:: PROVIDED DATA ::

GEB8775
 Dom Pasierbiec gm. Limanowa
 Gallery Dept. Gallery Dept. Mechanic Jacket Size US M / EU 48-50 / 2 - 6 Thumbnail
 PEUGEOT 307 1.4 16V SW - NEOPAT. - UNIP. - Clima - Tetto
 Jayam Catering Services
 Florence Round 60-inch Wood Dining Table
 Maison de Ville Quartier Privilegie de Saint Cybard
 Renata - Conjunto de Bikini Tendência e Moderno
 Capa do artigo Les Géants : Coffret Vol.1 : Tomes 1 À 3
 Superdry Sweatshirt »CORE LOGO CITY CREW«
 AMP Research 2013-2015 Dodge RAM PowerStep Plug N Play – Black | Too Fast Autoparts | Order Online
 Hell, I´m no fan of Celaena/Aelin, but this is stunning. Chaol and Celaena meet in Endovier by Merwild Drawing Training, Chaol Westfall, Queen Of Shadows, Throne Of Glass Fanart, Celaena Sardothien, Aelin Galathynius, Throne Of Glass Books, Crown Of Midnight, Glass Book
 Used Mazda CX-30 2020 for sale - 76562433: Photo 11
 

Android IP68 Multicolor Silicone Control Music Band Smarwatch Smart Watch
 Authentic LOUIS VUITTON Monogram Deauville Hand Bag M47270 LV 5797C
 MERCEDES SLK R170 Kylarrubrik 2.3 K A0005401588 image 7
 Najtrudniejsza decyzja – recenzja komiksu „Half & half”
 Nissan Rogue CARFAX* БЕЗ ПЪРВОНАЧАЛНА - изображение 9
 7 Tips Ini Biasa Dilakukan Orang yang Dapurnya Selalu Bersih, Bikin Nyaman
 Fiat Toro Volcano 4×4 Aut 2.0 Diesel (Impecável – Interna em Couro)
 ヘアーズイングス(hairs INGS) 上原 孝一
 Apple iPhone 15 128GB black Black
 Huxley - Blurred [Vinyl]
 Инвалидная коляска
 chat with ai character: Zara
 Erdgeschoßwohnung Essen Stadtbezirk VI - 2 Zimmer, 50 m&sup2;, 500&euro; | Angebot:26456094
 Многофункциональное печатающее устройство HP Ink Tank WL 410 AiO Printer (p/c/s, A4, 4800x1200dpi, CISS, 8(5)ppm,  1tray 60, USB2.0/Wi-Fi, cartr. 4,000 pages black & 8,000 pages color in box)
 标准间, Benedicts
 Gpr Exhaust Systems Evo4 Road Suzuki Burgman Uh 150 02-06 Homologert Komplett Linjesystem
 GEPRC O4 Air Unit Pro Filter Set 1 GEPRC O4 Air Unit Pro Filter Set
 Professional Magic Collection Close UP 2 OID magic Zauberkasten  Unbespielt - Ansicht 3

:::

*TASK REQUIREMENTS*
The records above are to be reproduced exactly, with nothing left out.

*FINISHED TASK*
GEB8775
 Dom Pasierbiec gm. Limanowa
 Gallery Dept. Gallery Dept. Mechanic Jacket Size US M / EU 48-50 / 2 - 6 Thumbnail
 PEUGEOT 307 1.4 16V SW - NEOPAT. - UNIP. - Clima - Tetto
 Jayam Catering Services
 Florence Round 60-inch Wood Dining Table
 Maison de Ville Quartier Privilegie de Saint Cybard
 Renata - Conjunto de Bikini Tendência e Moderno
 Capa do artigo Les Géants : Coffret Vol.1 : Tomes 1 À 3
 Superdry Sweatshirt »CORE LOGO CITY CREW«
 AMP Research 2013-2015 Dodge RAM PowerStep Plug N Play – Black | Too Fast Autoparts | Order Online
 Hell, I´m no fan of Celaena/Aelin, but this is stunning. Chaol and Celaena meet in Endovier by Merwild Drawing Training, Chaol Westfall, Queen Of Shadows, Throne Of Glass Fanart, Celaena Sardothien, Aelin Galathynius, Throne Of Glass Books, Crown Of Midnight, Glass Book
 Used Mazda CX-30 2020 for sale - 76562433: Photo 11
 

Android IP68 Multicolor Silicone Control Music Band Smarwatch Smart Watch
 Authentic LOUIS VUITTON Monogram Deauville Hand Bag M47270 LV 5797C
 MERCEDES SLK R170 Kylarrubrik 2.3 K A0005401588 image 7
 Najtrudniejsza decyzja – recenzja komiksu „Half & half”
 Nissan Rogue CARFAX* БЕЗ ПЪРВОНАЧАЛНА - изображение 9
 7 Tips Ini Biasa Dilakukan Orang yang Dapurnya Selalu Bersih, Bikin Nyaman
 Fiat Toro Volcano 4×4 Aut 2.0 Diesel (Impecável – Interna em Couro)
 ヘアーズイングス(hairs INGS) 上原 孝一
 Apple iPhone 15 128GB black Black
 Huxley - Blurred [Vinyl]
 Инвалидная коляска
 chat with ai character: Zara
 Erdgeschoßwohnung Essen Stadtbezirk VI - 2 Zimmer, 50 m&sup2;, 500&euro; | Angebot:26456094
 Многофункциональное печатающее устройство HP Ink Tank WL 410 AiO Printer (p/c/s, A4, 4800x1200dpi, CISS, 8(5)ppm,  1tray 60, USB2.0/Wi-Fi, cartr. 4,000 pages black & 8,000 pages color in box)
 标准间, Benedicts
 Gpr Exhaust Systems Evo4 Road Suzuki Burgman Uh 150 02-06 Homologert Komplett Linjesystem
 GEPRC O4 Air Unit Pro Filter Set 1 GEPRC O4 Air Unit Pro Filter Set
 Professional Magic Collection Close UP 2 OID magic Zauberkasten  Unbespielt - Ansicht 3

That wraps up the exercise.